L'armée iranienne a annoncé avoir fermé le détroit d'Ormuz une fois de plus, citant les attaques israéliennes contre le sud du Liban comme une violation de l'accord de Téhéran avec les États-Unis pour mettre fin à la guerre. L'armée américaine, cependant, n'est pas d'accord.

« Le trafic continue de circuler », a déclaré Tim Hawkins, porte-parole du Commandement central américain, les forces américaines « surveillant la situation pour garantir que cela reste le cas ». Il a ajouté, avec une pointe d'ironie, que « l'Iran ne contrôle pas le détroit d'Ormuz ».

Le détroit est un chenal maritime par lequel transitent environ 20 % du pétrole et du gaz naturel liquéfié mondiaux – environ 20 millions de barils par jour, soit près de 600 milliards de dollars d'échanges énergétiques par an.
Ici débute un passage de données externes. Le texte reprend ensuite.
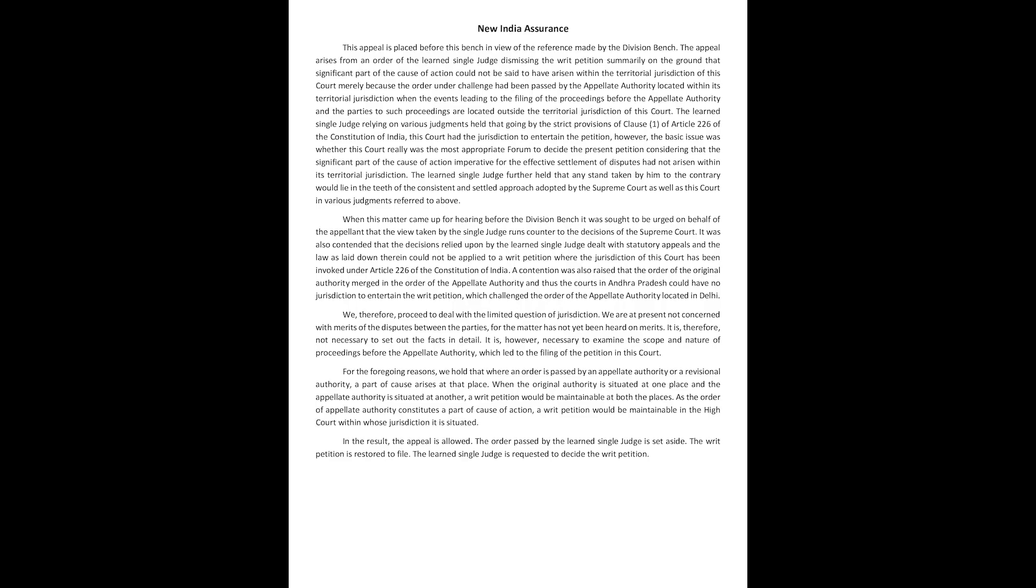This appeal is placed before this bench in view of the reference made by the division bench. The appeal arises from an order of the learned single judge dismissing the writ petition summarily on the ground that significant part of the cause of action could not be said to have arisen within the territorial jurisdiction of this court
Donc, vous savez, c'est plutôt important.

Samedi, le vice-président américain JD Vance est parti pour des pourparlers directs États-Unis-Iran en Suisse, espérant progresser « sur la question nucléaire » et « la question du cessez-le-feu au Liban ». Il a décrit la situation comme « en fait en train de s'améliorer » et « ralentissant un peu », ce qui est une façon de décrire une journée où au moins 20 personnes auraient été tuées par des frappes aériennes israéliennes dans le sud du Liban.

Le porte-parole du ministère iranien des Affaires étrangères, Esmail Baghaei, a déclaré que son pays « exigerait que l'autre partie remplisse ses engagements ». Le Premier ministre pakistanais Shehbaz Sharif assistera aux pourparlers, ayant déjà accueilli un cycle de négociations à Islamabad en avril.
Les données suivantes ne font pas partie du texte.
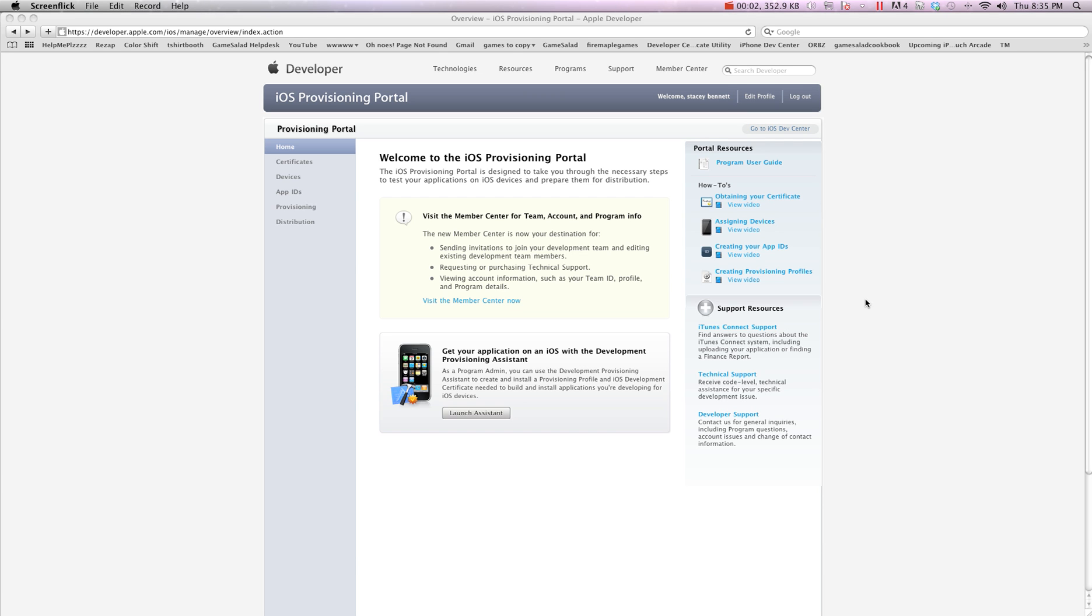Hey there everybody, T-Shirt Booth here from GSHelper.com and I'm going to show you how to get Game Center ready for your device. So you're going to want to start testing Game Center, make sure it's all working before you upload your app and this is going to walk you through most of the steps.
Plus tôt cette semaine, les présidents américain et iranien ont signé un accord initial visant à mettre fin à la guerre, y compris au Liban, avec un engagement à poursuivre les discussions dans les 60 prochains jours. Mais samedi, Donald Trump a posté que les États-Unis pourraient imposer leurs propres péages sur la navigation dans le détroit si aucun accord n'est trouvé – car rien ne dit diplomatie comme menacer de faire payer un loyer pour une voie navigable que vous prétendez déjà n'être pas fermée.

L'armée iranienne a justifié son annonce de fermeture en accusant les États-Unis de violer la première clause de leur mémorandum d'entente en 14 points, qui appelle à « la cessation immédiate et permanente des opérations militaires sur tous les fronts, y compris au Liban ».

BBC Verify a noté qu'au moins cinq pétroliers ont traversé le détroit samedi, tandis que plusieurs navires semblaient avoir fait demi-tour. Centcom a déclaré que le trafic commercial avait en réalité augmenté, avec 55 navires marchands en transit.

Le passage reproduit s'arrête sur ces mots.